■ **DATA PROVIDED**
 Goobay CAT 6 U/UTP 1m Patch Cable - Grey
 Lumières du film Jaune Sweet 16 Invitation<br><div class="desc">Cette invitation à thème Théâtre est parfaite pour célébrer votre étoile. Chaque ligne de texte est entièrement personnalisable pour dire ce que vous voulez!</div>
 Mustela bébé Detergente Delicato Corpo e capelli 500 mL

--

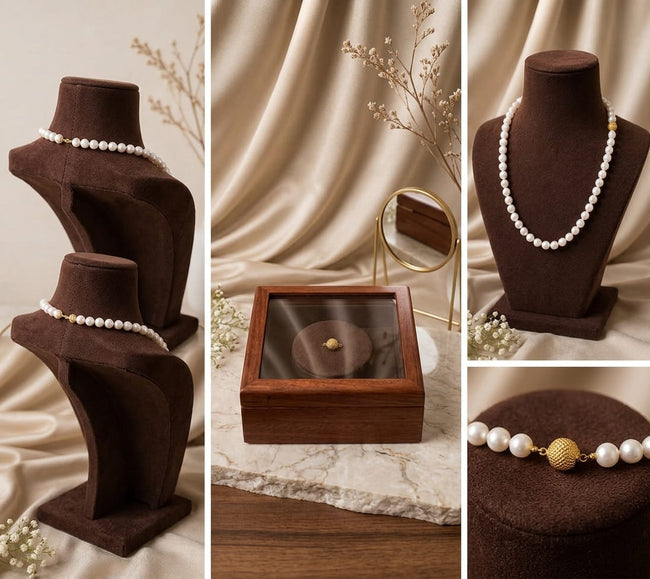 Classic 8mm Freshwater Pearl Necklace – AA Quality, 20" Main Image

■ **ABOUT THIS TASK**
Copy exactly the stretch of data above from the line with "Goobay CAT 6 U/UTP 1m Patch Cable - Grey" through the line with "Mustela bébé Detergente", and omit all other lines.

■ **ANSWER FOR THIS EXERCISE**
 Goobay CAT 6 U/UTP 1m Patch Cable - Grey
 Lumières du film Jaune Sweet 16 Invitation<br><div class="desc">Cette invitation à thème Théâtre est parfaite pour célébrer votre étoile. Chaque ligne de texte est entièrement personnalisable pour dire ce que vous voulez!</div>
 Mustela bébé Detergente Delicato Corpo e capelli 500 mL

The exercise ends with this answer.